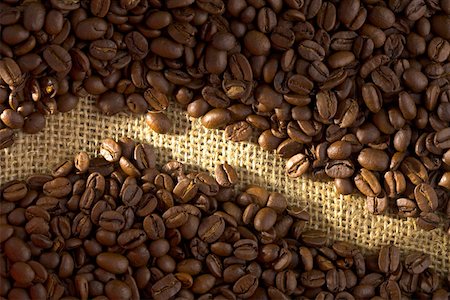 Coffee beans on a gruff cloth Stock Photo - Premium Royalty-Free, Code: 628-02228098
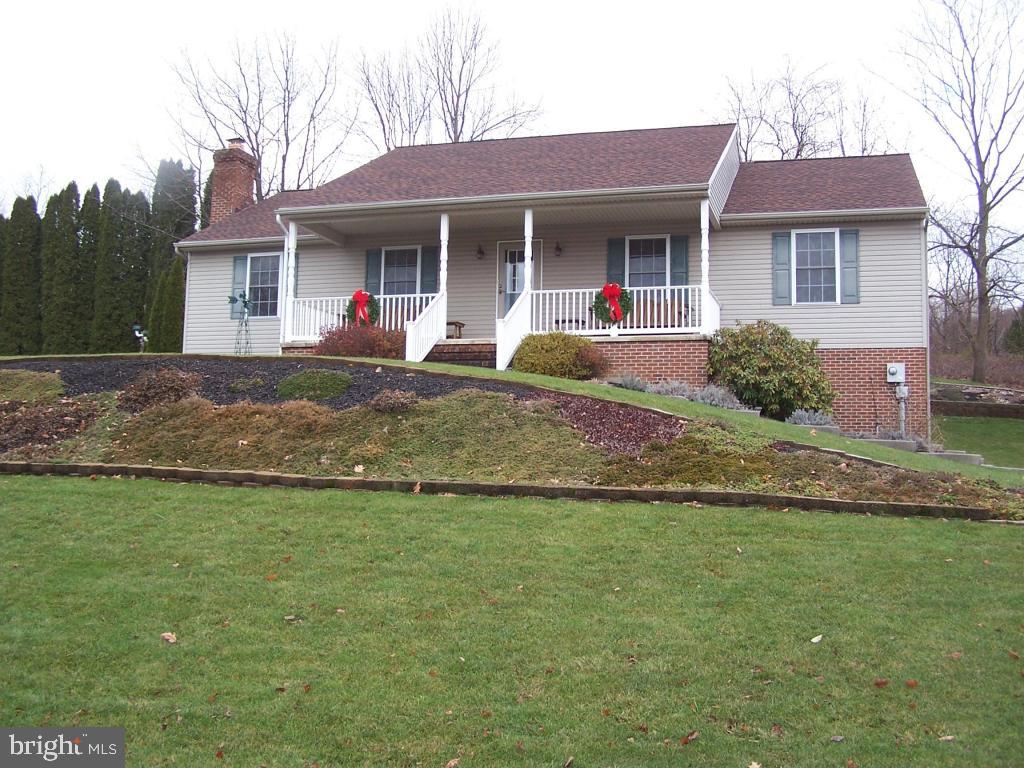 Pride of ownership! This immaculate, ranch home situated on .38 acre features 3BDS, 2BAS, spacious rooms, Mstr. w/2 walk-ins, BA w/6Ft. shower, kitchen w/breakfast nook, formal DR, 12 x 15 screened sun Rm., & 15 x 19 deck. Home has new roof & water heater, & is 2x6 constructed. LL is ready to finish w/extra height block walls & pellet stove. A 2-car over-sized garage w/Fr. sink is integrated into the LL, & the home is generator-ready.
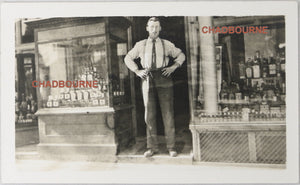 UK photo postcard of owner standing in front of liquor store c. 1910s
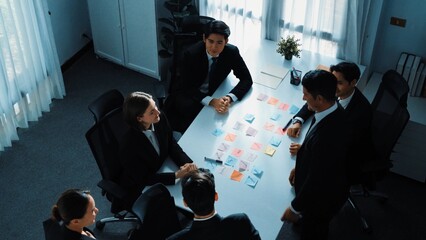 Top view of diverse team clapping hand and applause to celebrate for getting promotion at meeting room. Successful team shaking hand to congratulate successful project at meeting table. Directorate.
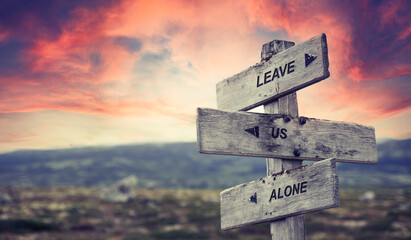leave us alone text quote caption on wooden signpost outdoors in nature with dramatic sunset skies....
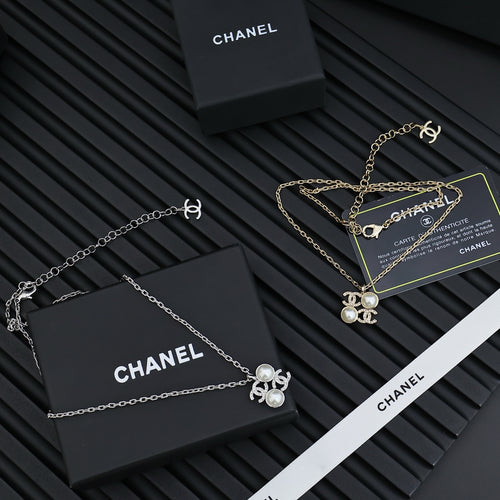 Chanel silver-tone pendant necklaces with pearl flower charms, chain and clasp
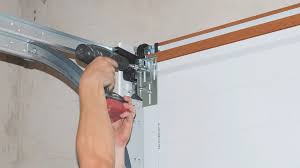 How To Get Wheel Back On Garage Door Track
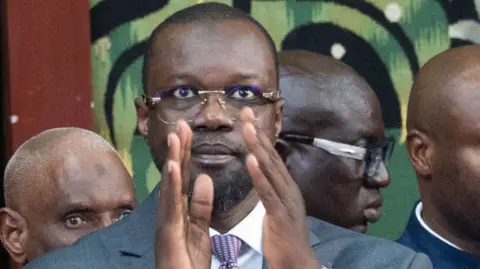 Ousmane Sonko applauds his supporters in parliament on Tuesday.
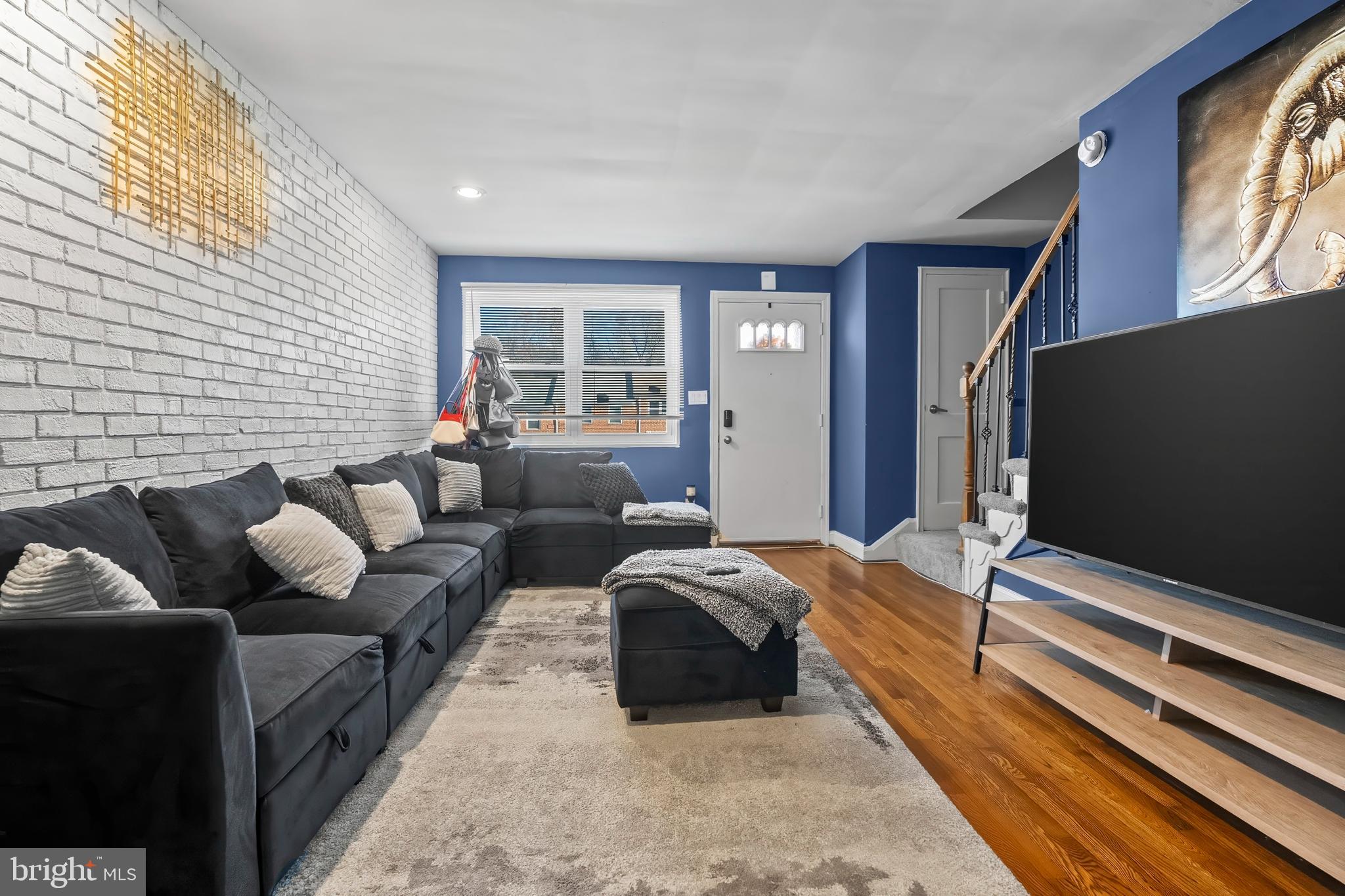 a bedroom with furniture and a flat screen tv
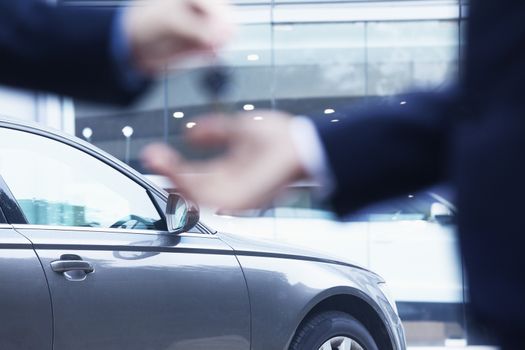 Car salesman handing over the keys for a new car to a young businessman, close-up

* * *

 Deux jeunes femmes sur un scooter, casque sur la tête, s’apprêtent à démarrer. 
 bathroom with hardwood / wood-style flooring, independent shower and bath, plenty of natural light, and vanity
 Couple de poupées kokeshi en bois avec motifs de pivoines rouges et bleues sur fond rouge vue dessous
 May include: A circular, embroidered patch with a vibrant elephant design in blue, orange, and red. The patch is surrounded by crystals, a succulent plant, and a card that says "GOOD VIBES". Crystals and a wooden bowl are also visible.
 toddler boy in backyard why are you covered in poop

--

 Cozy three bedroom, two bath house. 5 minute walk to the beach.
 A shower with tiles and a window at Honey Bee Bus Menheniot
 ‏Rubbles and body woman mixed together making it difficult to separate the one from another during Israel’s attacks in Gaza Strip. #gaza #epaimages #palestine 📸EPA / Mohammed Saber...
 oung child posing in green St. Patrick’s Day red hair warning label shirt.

Instructions to follow:
What are the lines, exactly as written above, from the line with "bathroom with hardwood" to the line with "toddler boy in", both included? Output only those.

Exercise answer:
 bathroom with hardwood / wood-style flooring, independent shower and bath, plenty of natural light, and vanity
 Couple de poupées kokeshi en bois avec motifs de pivoines rouges et bleues sur fond rouge vue dessous
 May include: A circular, embroidered patch with a vibrant elephant design in blue, orange, and red. The patch is surrounded by crystals, a succulent plant, and a card that says "GOOD VIBES". Crystals and a wooden bowl are also visible.
 toddler boy in backyard why are you covered in poop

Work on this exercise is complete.